Aún no habían perdido de vista el cementerio cuando la mente de Shirley dejó de estar nublada por el pánico y comprendió lo que ocurría. La bestia no las estaba siguiendo a ellas. Estaba siguiendo a Cally. Sí, tenía que ser eso. Y había que advertir a Cally. Pero no le dijo nada a Elspeth. Shirley siempre había sido muy pragmática; conocía las limitaciones de la naturaleza humana. No quería que Elspeth se viera sometida a pruebas que quizá pudieran ser excesivas para ella.

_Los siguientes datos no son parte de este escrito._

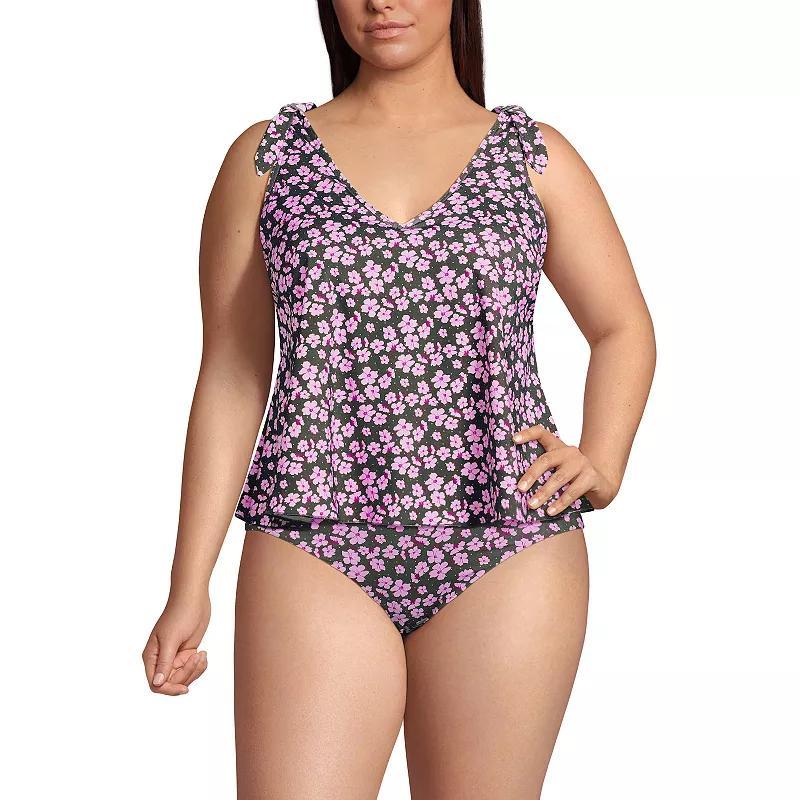 Plus Size Lands' End Tie Shoulder Flutter Tankini Top, Women's, Size: 22 W, Green White Floral Product Image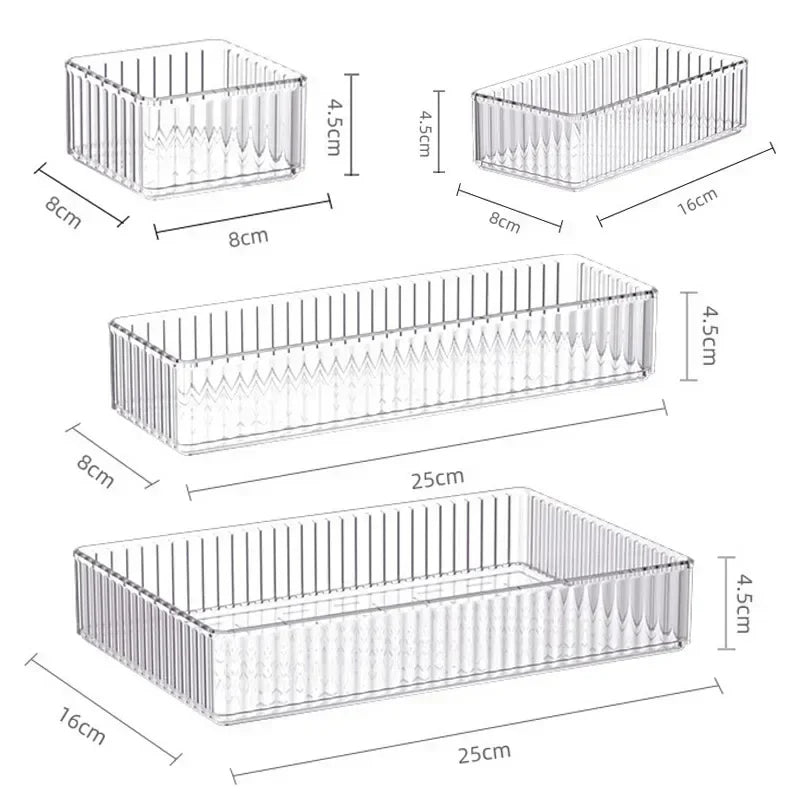 Clear Stackable Drawer Organizer Bins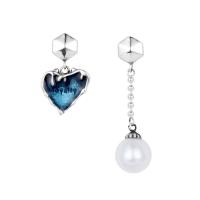 925 Sterling Silver Asymmetric Earrings, with Shell Pearl, Heart, platinum plated, fashion jewelry & for woman & epoxy gel, 11x18mm, 30mm, Sold By Pair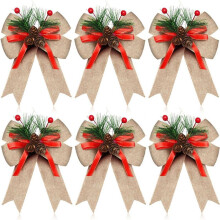 12PCS Christmas Burlap Bow with Pine Cones Pine Needles Xmas Checkered Ribbon Bow Christmas Tree Decoration Bows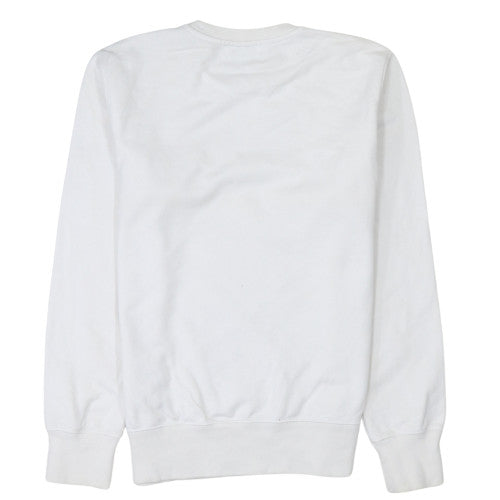 Champion Men's White Medium Pullover Sweatshirt Crew Neck Logo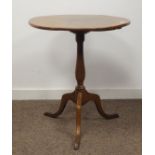 19th century oak circular tea table, raised on baluster shaped column, tripod base,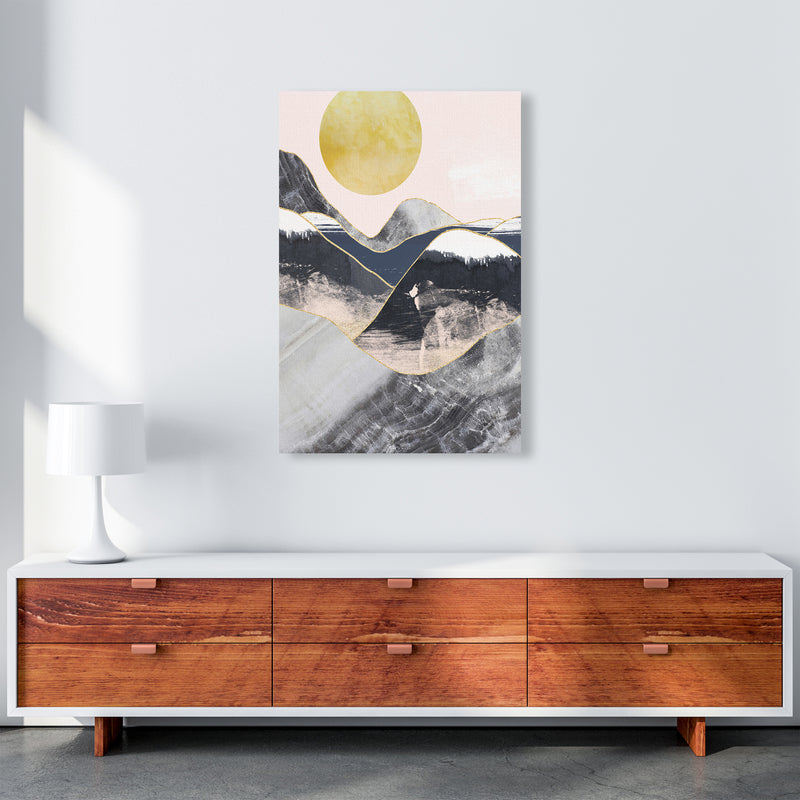 Gold Moon Navy Marble Mountains  Art Print by Pixy Paper A1 Canvas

Se dedicó a buscar las huellas dejadas por los cascos de «Diablo», claramente visibles en la gravilla y todavía más visibles allí donde había saltado el árbol caído que obstruía el trayecto seguido por las vías del tranvía. Cally había seguido ese camino.

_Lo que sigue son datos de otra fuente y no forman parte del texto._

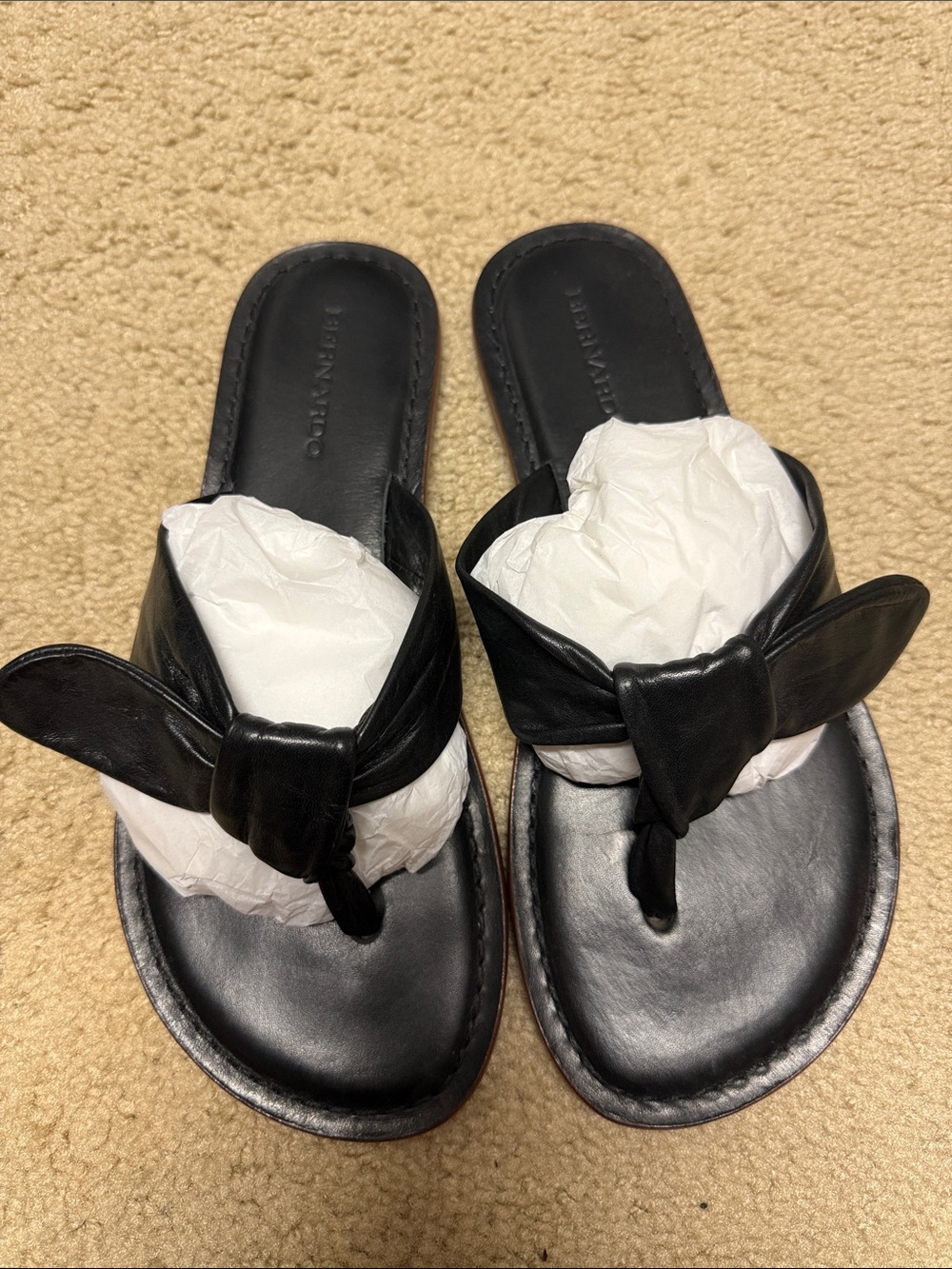 Bernardo Black Knotted Leather Slide Sandals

Y entonces Shirley vio las llamas alzándose en la distancia.

—¡Elspeth! ¡Espera!

Ya empezaba a haber menos árboles y se encontraban en lo que no era un auténtico claro y estaba convirtiéndose en un joven bosque: allí había estado el parque del tranvía, con pequeños edificios medio en ruinas a su alrededor y un edificio más grande que estaba siendo consumido por el fuego a no mucha distancia. Las yeguas se encabritaron, asustadas no sólo por la visión y el olor de las llamas, sino por las serpientes, un gran número de ellas que huían de aquel infierno situado en lo alto de la colina, moviéndose tan velozmente como los rayos negros emitidos por un sol que agoniza. Y también había gente saliendo del edificio, tres personas que se arrastraron bajo los escombros de una pared como si fueran serpientes y acabaron poniéndose en pie para avanzar con paso tambaleante. Shirley reconoció a Cally…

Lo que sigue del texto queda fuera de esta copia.